Sed sordos a aquellos que insisten en que Jesucristo no fue hombre real sino sólo en apariencia. Yo os digo que Jesucristo nació hombre de la Virgen María y sufrió como hombre el tormento en la cruz. Aquellos que buscan confundiros deben quedar expulsados de vuestras comunidades, repelidos y alejados de vosotros[25]

—Maestro.

Ignacio siguió escribiendo.

—¡Maestro! —repitió la voz con más fuerza.

Ignacio, absorbido como estaba por su carta, no lo oía.

El sirviente decidió no molestarlo más y esperó a la cena.

Dos horas después, cuando Ignacio comía unas gachas de trigo, el sirviente que lo atendía volvió a dirigirse a él.

—Maestro…

—¿Sí? Te escucho, dime.

—Hay alguien que ha aceptado; uno de esos anticristos está dispuesto a debatir con el maestro Ignacio.

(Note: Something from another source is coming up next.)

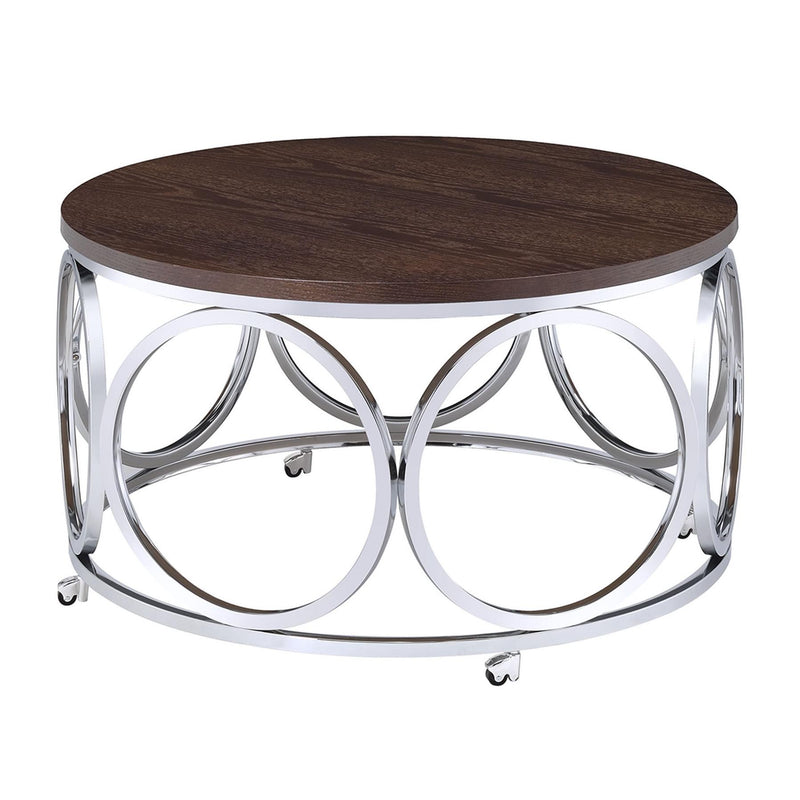 Elements International Alexis Coffee Table CAX100CTE IMAGE 1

El obispo de Antioquía miró fijamente a su sirviente.

—¿Quién?

—Un tal Marción. Es de Sinope. Unos dicen que es un doceta más, otros que no. El caso es que sabe que el maestro desea hablar con los que piensan diferente sobre Cristo y quiere venir. Ha enviado una carta. —Y la entregó a su señor.

Ignacio dejó de comer y leyó la carta.

—Dice que vendrá este verano —comentó el sirviente.

Ignacio terminó de leer el papiro. Volvió a enrollarlo despacio.

—Estaré preparado —dijo dejando la carta en la mesa. Palabras contra palabras. Había oído hablar de Marción, joven e impetuoso, un comerciante y un orador según parecía; alguien que buscaba un lugar en la Iglesia pero cuya proximidad con las creencias gnósticas y docéticas lo mantenía alejado de muchas comunidades que seguían fieles a Cristo. Quería hablar… ¿de qué?